Revenue from rendering of services is recognized on when the services are rendered and related cost are incurred over time by measuring the progress towards complete satisfaction of performance obligations at the reporting period.
Revenue is measured at the amount of consideration which the Company expects to be entitled to in exchange for transferring distinct goods or services to a customer as specified in the contract, excluding amounts collected on behalf of third parties (for example taxes and duties collected on behalf of the government). Consideration is generally due upon satisfaction of performance obligations and a receivable is recognised when it becomes unconditional.
Export incentive revenues are recognized when the right to receive the credit is established and there is no significant uncertainty regarding the ultimate collection.

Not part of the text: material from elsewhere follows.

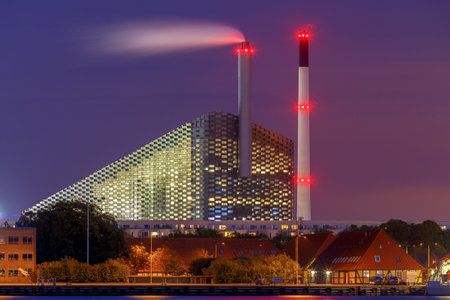 Copenhagen, Sweden - August 18, 2018: View of the city power plant at sunset. Copenhagen. Denmark.のeditorial素材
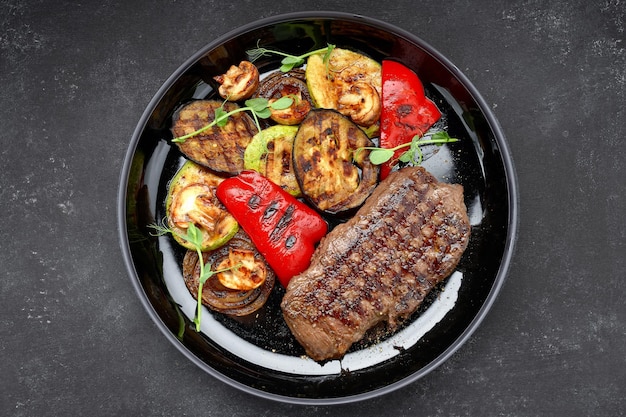 Meat steak with grilled vegetables on a dark plate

Interest Income from a Financial Assets is recognised using effective interest rate method. And it is recognized on time proportion basis taking into account the amount outstanding and rate applicable.
Dividend Income is recognised when the Company''s right to receive the amount has been established.
Surplus / (Loss) on disposal of Property, Plants and Equipment / Investments
Surplus or loss on disposal of property, plants and equipment or investment is recorded on transfers of title from the Company, and is determined as the difference between the sales price and carrying value of the property, plants and equipment or investments and other incidental expenses.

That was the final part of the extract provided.